Before Summit, E.U. Debates Limits on Carbon Emissions

By Juliet Eilperin
Washington Post Staff Writer
Thursday, December 11, 2008

POZNAN, Poland, Dec. 10 -- With delegates from around the world struggling to make progress here toward a new agreement on combating global warming, the European Union is locked in its own contentious debate over whether to toughen limits on carbon emissions, even though much of the continent has fallen behind on meeting current targets.

The Europeans' disagreements over how fast to cut emissions in order to avert dangerous climate change, which could culminate in a vote as soon as Thursday in Brussels, highlights the difficulties the industrialized world faces as it decides how aggressively it can afford to act, especially amid a severe economic downturn.

The outcome in Europe could have major implications for the U.S. Congress, which is poised to enact limits on greenhouse gas emissions after President-elect Barack Obama takes office.

At the Brussels meeting, E.U. leaders must decide whether to finalize plans to cut carbon dioxide emissions to 20 percent below 1990 levels by the year 2020, while also reducing energy use by 20 percent and obtaining 20 percent of their energy supply from renewable sources. Coal-dependent nations such as Poland want to delay further lowering of emissions limits under the European Union's nearly four-year old cap-and-trade system. Even Germany, a leader in pressing for aggressive action on global warming, wants to postpone additional auctions of pollution allowances to ease the financial burden on its heavy industry.
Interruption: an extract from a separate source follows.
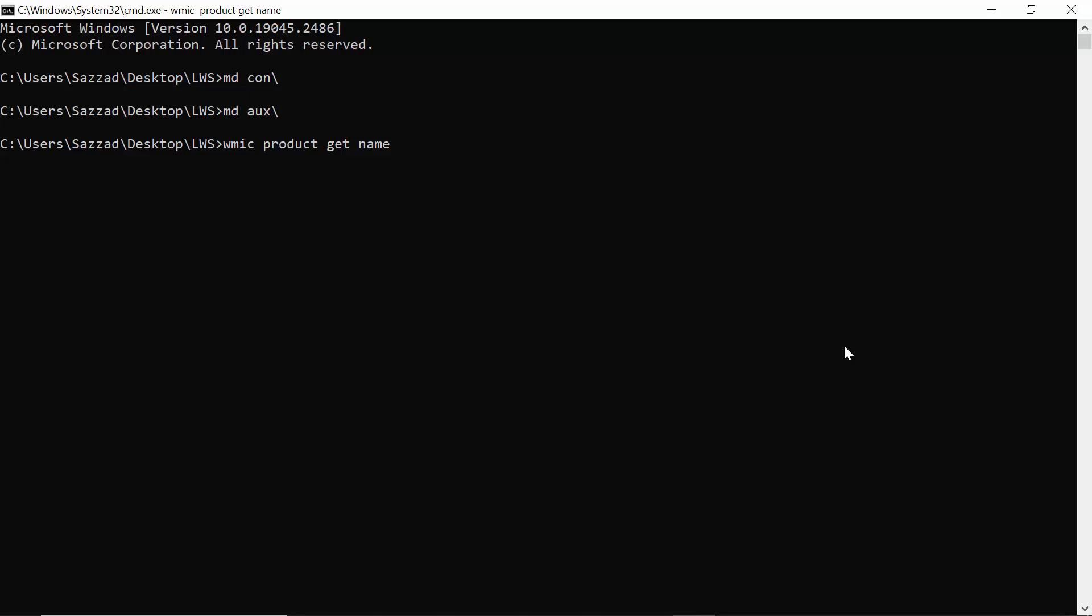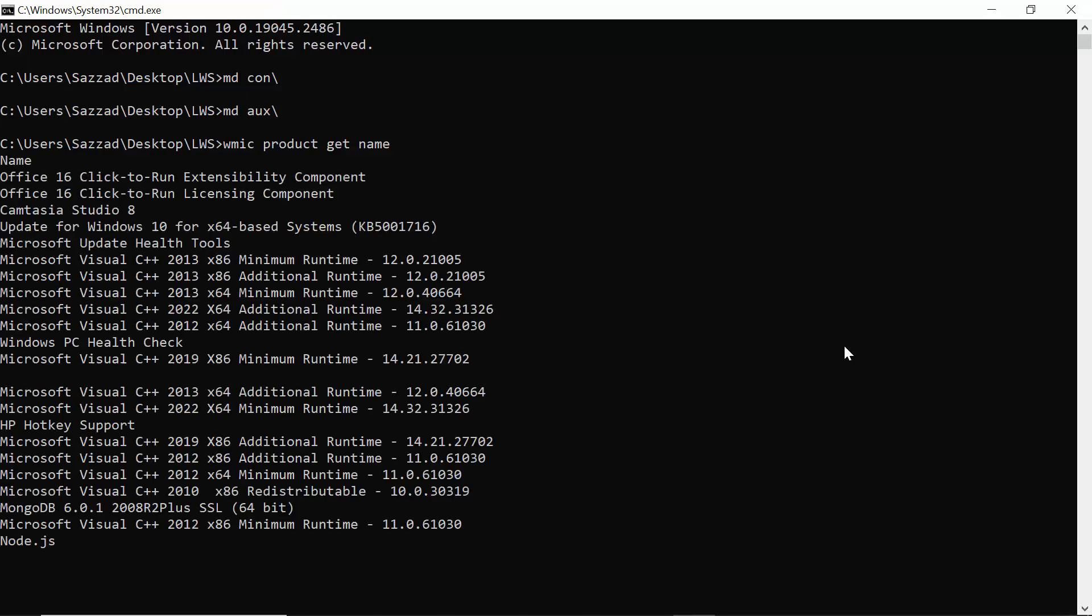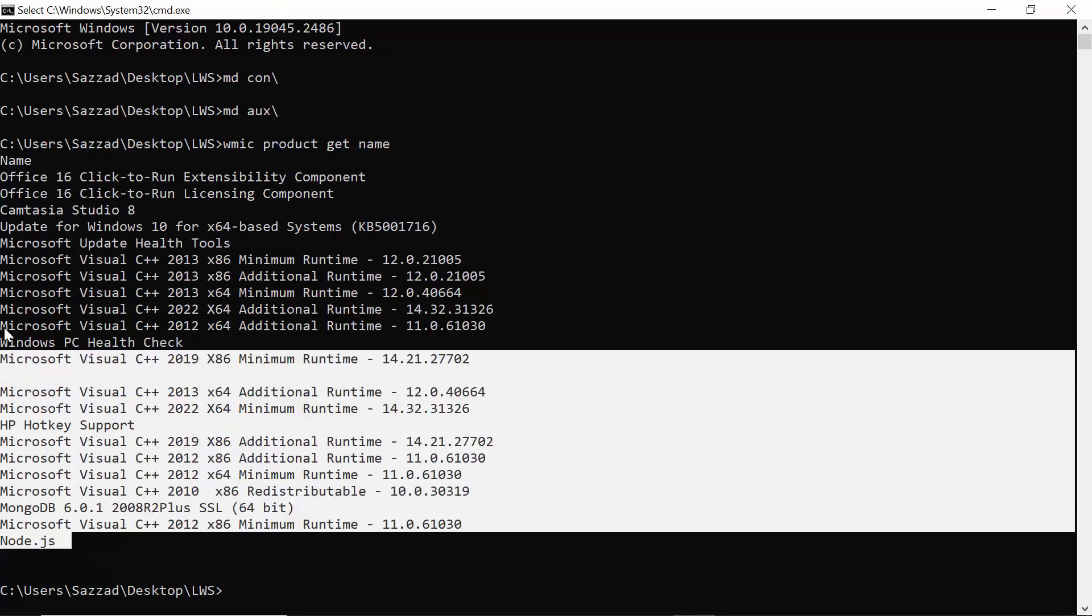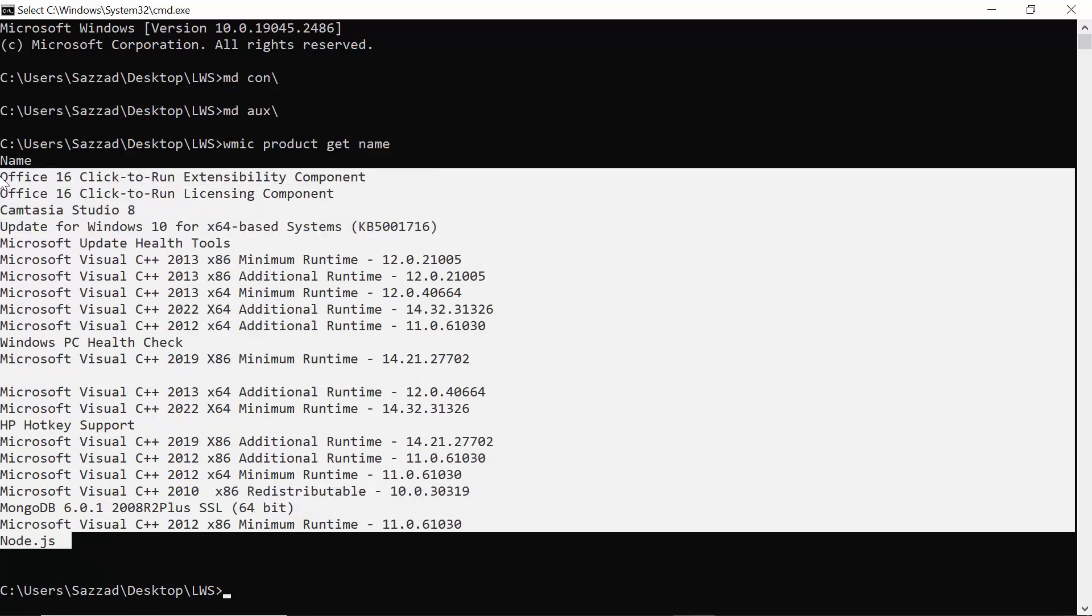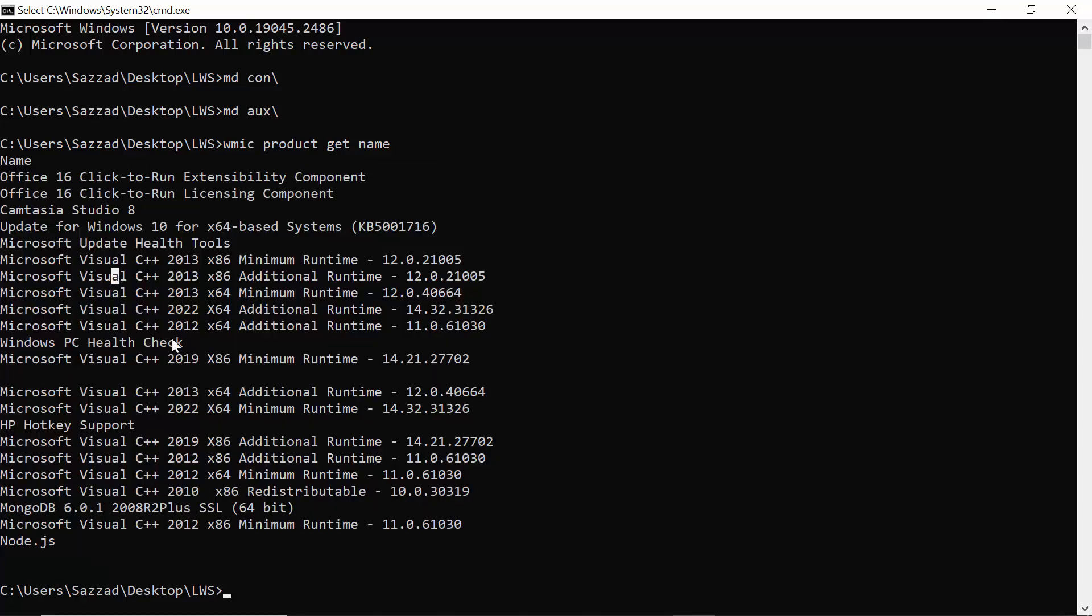As you can see, these are the programs that are installed in my machine. This is how you can see all the programs that are installed in your Windows machine.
"It's an unfortunate backing away from the position they've taken for many years," said Jake Schmidt, international climate policy director for the Natural Resources Defense Council, an advocacy group.

"There is still a huge gap" between what European nations have promised and what they've accomplished, said Reinhard Buetikofer, who recently stepped down as leader of Germany's Green Party. "Everyone looks much better in rhetoric than in reality."

Poland, which is hosting this week's U.N. climate talks, joined forces with Italy and threatened to veto the European Union's climate and energy package last year, arguing it could not afford to meet its requirements. Germany, some of whose companies have a financial stake in Poland's utility sector, has been a key ally.

Ironically, Poland has reduced its carbon emissions by 32 percent over the last 20 years as aging Soviet-era industries shut down, far outpacing the 6 percent cut it pledged to make under the 1987 Kyoto Protocol that the Poznan talks seek to replace. But Poland still gets 94 percent of its electricity from coal, making it the second most coal-dependent nation after South Africa, according to World Coal Institute figures for 2007.

Poland and its allies are resisting the European Union's current proposal to require that energy producers buy at auction 100 percent of the available carbon pollution permits by 2013 (until now, some these "credits" were allotted for free), and just this month, Polish officials asked to push back a 2016 deadline for starting a domestic carbon trading system. Instead, they are asking the European Union to set up a "benchmarking system" in which coal-fired utilities must install the best available pollution controls or pay a penalty.

Polish environment minister Maciej Nowicki, who is presiding over the climate talks, said in an interview Tuesday that while his nation is "absolutely determined" to help meet the European Union's 2020 target, it cannot comply with a policy that could boost energy prices "up to 90 percent, which is a terrible problem from a political, social and economic point of view."

"There are not any alternatives, even short-term or near-term, to coal-generated energy production in Poland," he said. "For the time being, there are no formal proposals that would satisfy us."

Even some of the most advanced E.U. members are hoping to modify the proposal pending in Brussels. Germany is simultaneously trying to phase out nuclear power, which accounts for 22 percent of its power generation, while grappling with technical problems with its offshore wind farms and local resistance to projects such as new coal-fired and biomass power plants.